**Aim of the task**: Quote exactly the lines from the one with "M7-MediumBracers-lightbrown" to the end of the data, both included; omit the pictures.

Short web captions
Content starts
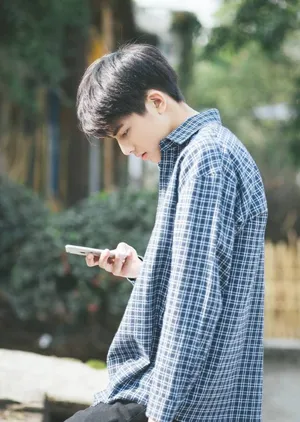 宋威龙清新衬衫美图_2
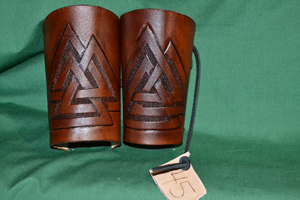 M7-MediumBracers-lightbrown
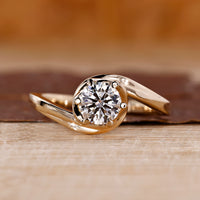 Solitaire Diamond Engagement Ring with round cut lab grown diamond.
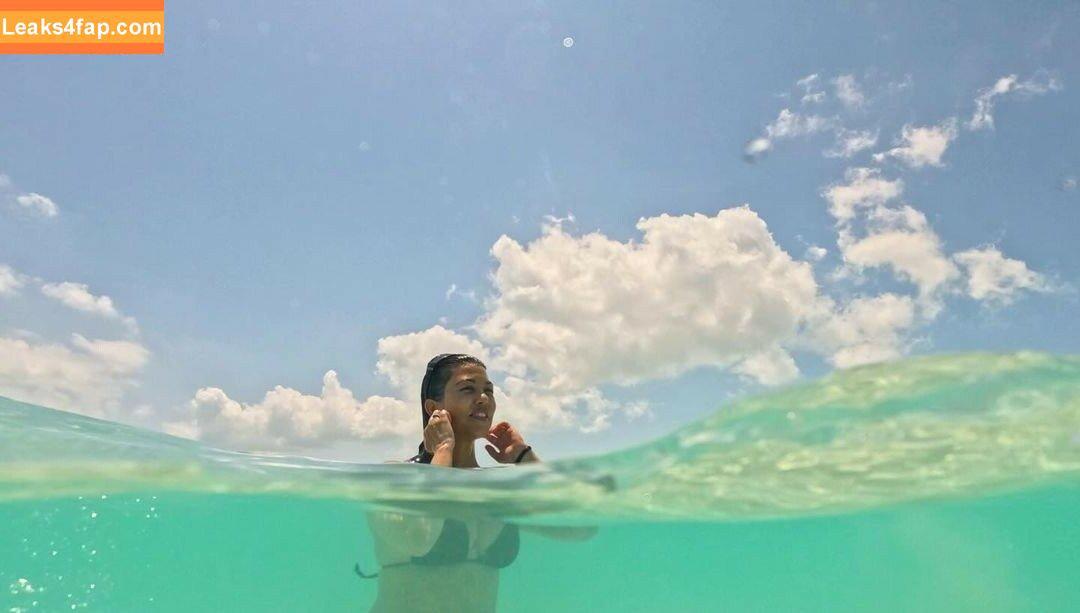Kourtney Kardashian / kourtneykardash слитое фото фото #0447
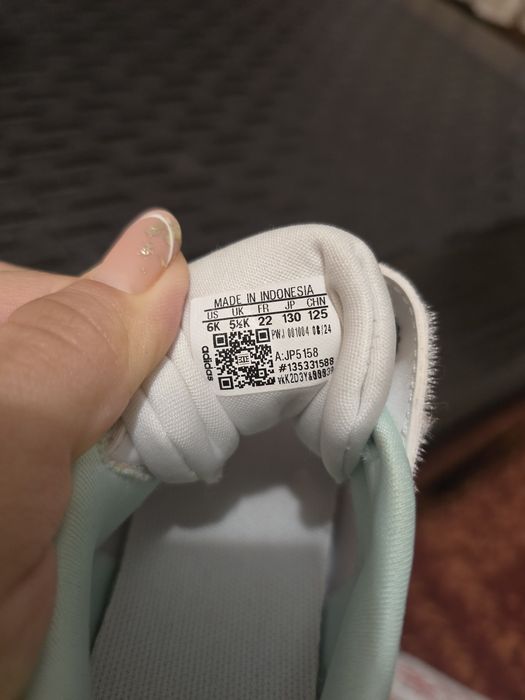 Adidasi Adidas copii, marime 22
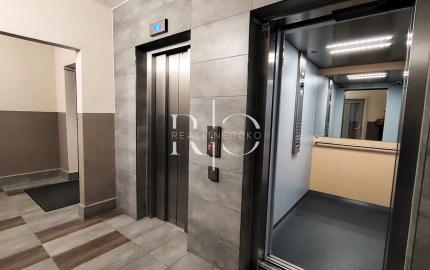 REZERVOVANÝ, na predaj, 1 izbový byt,  Poprad- Juh 3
Content ends
**Written solution**:
 M7-MediumBracers-lightbrown
 Solitaire Diamond Engagement Ring with round cut lab grown diamond.
Kourtney Kardashian / kourtneykardash слитое фото фото #0447
 Adidasi Adidas copii, marime 22
 REZERVOVANÝ, na predaj, 1 izbový byt,  Poprad- Juh 3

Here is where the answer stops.